Le gouvernement Trudeau envisage de mettre un terme au programme des obligations d’épargne du Canada (OEC), a révélé Radio-Canada.

Le ministre des Finances pourrait même en finir avec ce « monument », qui remonte à la fin de la Seconde Guerre mondiale, dès le prochain budget, précise la chaîne publique.

À quelques jours du lancement de la 70e campagne de souscription de son histoire, cet outil financier bat de l’aile, rappelle la société d’État, qui souligne que les ventes d’OEC et la valeur des titres en circulation « sont en chute libre depuis la fin des années 1980 ».

MÉCANISME D’ÉPARGNE PEU RISQUÉ

Résultat, il en coûte maintenant près de 60 millions de dollars chaque année aux contribuables pour le maintenir à flot, alors qu’il n’est plus choisi que par environ un million d’épargnants en raison des rendements anémiques (0,7 %) qu’il leur procure.

Par ailleurs, la valeur des titres en circulation atteignait 55 milliards en 1987, mais elle est aujourd’hui tombée à 5,5 milliards, notamment en raison de l’arrivée de plusieurs nouveaux instruments d’épargne proposés par les institutions financières.

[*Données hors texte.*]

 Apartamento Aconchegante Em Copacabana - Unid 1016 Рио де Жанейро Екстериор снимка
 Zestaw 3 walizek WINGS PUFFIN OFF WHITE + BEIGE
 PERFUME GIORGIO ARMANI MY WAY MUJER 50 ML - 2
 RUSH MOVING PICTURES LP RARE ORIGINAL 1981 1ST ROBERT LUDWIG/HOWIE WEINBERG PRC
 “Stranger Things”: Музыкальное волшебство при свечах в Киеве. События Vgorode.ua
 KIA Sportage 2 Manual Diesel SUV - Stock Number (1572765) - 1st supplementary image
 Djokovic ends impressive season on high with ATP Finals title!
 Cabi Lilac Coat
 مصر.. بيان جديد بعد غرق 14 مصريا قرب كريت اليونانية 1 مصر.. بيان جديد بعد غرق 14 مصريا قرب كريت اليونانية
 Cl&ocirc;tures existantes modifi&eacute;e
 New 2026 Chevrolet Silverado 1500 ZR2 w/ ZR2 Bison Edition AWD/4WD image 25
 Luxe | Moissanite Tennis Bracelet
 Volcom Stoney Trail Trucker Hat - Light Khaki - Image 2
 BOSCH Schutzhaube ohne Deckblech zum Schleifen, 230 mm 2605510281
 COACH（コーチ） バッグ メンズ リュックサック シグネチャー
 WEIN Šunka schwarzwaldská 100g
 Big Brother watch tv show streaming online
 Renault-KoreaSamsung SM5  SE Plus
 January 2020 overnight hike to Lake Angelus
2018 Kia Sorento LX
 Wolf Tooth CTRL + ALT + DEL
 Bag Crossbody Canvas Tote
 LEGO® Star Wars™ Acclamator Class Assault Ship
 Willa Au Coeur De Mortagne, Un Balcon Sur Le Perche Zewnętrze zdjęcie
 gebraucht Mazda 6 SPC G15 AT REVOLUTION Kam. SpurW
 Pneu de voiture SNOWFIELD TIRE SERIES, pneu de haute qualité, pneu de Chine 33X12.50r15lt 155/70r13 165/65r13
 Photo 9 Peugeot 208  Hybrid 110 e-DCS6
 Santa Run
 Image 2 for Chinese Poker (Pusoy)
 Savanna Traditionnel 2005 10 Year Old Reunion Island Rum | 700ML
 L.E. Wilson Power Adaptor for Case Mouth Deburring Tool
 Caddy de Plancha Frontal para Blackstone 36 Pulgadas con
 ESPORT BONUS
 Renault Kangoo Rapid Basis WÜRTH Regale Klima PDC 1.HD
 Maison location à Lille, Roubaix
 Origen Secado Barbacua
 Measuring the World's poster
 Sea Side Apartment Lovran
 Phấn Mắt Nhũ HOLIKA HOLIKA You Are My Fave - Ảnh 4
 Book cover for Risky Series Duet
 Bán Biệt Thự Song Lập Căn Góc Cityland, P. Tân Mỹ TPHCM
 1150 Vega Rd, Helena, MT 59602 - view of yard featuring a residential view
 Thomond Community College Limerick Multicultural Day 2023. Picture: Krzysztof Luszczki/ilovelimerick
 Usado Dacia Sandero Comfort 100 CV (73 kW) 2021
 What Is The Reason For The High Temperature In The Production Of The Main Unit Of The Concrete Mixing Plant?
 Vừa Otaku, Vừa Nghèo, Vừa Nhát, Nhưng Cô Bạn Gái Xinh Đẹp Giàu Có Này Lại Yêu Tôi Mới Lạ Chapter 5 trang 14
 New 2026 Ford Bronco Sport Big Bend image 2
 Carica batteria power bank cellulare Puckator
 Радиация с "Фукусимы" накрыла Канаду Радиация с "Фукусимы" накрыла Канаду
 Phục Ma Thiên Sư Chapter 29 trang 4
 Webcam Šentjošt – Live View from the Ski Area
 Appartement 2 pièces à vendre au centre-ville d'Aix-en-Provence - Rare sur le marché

Le programme des OEC a été lancé en 1946, juste après la fin de la guerre, afin de permettre au gouvernement fédéral de se financer… et aux Canadiens de mettre de l’argent de côté. Ce mécanisme d’épargne peu risqué leur permettait en effet de prêter de l’argent à l’État pour qu’il puisse gérer plus facilement le financement de sa dette publique, rappelle Radio-Canada.

« UN PROGRAMME D’UN AUTRE TEMPS »

Interrogé par la chaîne d’information, l’économiste Serge Coulombe précise que, à l’origine, les marchés financiers internationaux n’existaient pas et que le gouvernement disposait de peu d’options pour financer sa dette. « C’est un programme qui a été développé pour un autre temps, un autre monde », affirme ce professeur au Département de science économique de l’Université d’Ottawa.

L’an dernier, la firme KPMG avait remis au ministère des Finances un rapport commandé par le gouvernement conservateur dans lequel elle suggérait d’éliminer progressivement les OEC. Sa conclusion? « Il n’y a actuellement aucun motif économique valable qui justifie le programme. »

Ce n’est pas la première fois que les obligations fédérales sont l’objet de doutes et de controverses. Ainsi, au début des années 2000, le vérificateur général avait déjà soulevé des doutes quant à leur rentabilité. Toutefois, pour des raisons politiques, « les gouvernements qui se sont succédé ont préféré faire la sourde oreille jusqu’ici », ajoute la chaîne publique.

« FAIBLE IMPACT POUR LES ÉPARGNANTS »

Également interrogé par Radio-Canada, l’économiste Jean-Pierre Aubry, qui a exercé la fonction de contrôleur au sein de la Banque du Canada, gestionnaire du programme, juge qu’il s’agissait d’« une grosse autoroute avec peu de voitures dessus ». Une opinion que partage Sylvain B. Tremblay, président du conseil d’administration de l’Institut québécois de planification financière.

Dans une entrevue accordée à Conseiller, le planificateur financier estime en effet que l’éventuelle disparition des OEC n’aurait qu’un « faible impact » pour les investisseurs. Toutefois, il nuance son propos en ajoutant qu’« ils devront compenser par des titres qui sont aussi sécuritaires que les obligations d’épargne du Canada ».

« Il vont donc devoir augmenter un peu leur niveau de risque. Par exemple, au lieu d’acheter des obligations du gouvernement fédéral, les épargnants seront obligés de se rabattre sur des obligations des gouvernements provinciaux sur le marché secondaire, des obligations municipales ou encore des obligations d’entreprise. Cependant, comme les taux sont aujourd’hui extrêmement bas sur les OEC, en dessous de l’inflation, ils ne perdront pas grand-chose. »

« À partir du moment où un programme coûte plus cher à administrer que ce qu’il rapporte à l’émetteur, ce qui est actuellement le cas des OEC, mieux vaut l’arrêter », conclut Sylvain Tremblay.